Ego as scary dogs? I dont wanna face it. ahha!
Lol! Don’t worry Jeyna, we can learn to play the harp and put that thing to sleep 😉
Hello there! I really liked this post! I would like to hear more about the insistent self! Appreciate it!
I miss Harry Potter.
i love this… being gentle works. like the passing brook that eventually erodes the rock.
Jay, thank you for your enthusiasm! I already have quite a few posts on the blog about the insistent self – I would love to hear thoughts from people like you, which will help spur a reflection that will be the basis of a post 🙂
Peter, me, too!
Rachel: I love your metaphor! And it makes it a lot easier to be serene and accept the fact that I have a lot of work to do, rather than to be angry and mentally or emotionally violent!

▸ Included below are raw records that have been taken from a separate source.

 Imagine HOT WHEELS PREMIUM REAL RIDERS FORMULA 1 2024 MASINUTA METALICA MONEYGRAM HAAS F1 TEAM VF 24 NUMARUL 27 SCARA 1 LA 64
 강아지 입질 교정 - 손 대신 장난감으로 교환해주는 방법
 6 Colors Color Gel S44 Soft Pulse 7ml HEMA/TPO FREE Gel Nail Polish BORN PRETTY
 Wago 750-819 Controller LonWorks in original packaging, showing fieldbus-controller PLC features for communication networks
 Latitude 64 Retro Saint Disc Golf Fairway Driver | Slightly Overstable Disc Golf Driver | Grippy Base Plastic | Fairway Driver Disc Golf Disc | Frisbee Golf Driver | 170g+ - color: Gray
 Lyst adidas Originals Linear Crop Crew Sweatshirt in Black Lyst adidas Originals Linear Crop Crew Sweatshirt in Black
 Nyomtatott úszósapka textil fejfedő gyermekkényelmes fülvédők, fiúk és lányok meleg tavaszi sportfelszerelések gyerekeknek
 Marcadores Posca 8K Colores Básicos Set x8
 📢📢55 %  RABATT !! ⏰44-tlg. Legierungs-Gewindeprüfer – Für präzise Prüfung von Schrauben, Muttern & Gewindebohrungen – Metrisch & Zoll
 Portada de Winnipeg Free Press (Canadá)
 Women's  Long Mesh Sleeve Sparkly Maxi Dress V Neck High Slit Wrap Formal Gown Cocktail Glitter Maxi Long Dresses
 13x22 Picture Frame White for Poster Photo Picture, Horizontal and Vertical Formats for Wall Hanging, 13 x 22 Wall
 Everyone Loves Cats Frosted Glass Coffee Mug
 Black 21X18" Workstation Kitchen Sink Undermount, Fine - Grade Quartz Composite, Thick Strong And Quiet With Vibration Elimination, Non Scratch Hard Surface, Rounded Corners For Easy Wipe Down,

[…] embark on a life-long, eighty-something year long semi violent struggle with our insistent self, whacking it down like a mole. To have the strength to carry on for long periods of time with a joyful attitude, as, for example, […]
I do not even know how I ended up here, but I thought this post was great. I do not know who you are but definitely you’re going to a famous blogger if you are not already 😉 Cheers!
Thank you for the warm wishes, Elnora, they are much appreciated!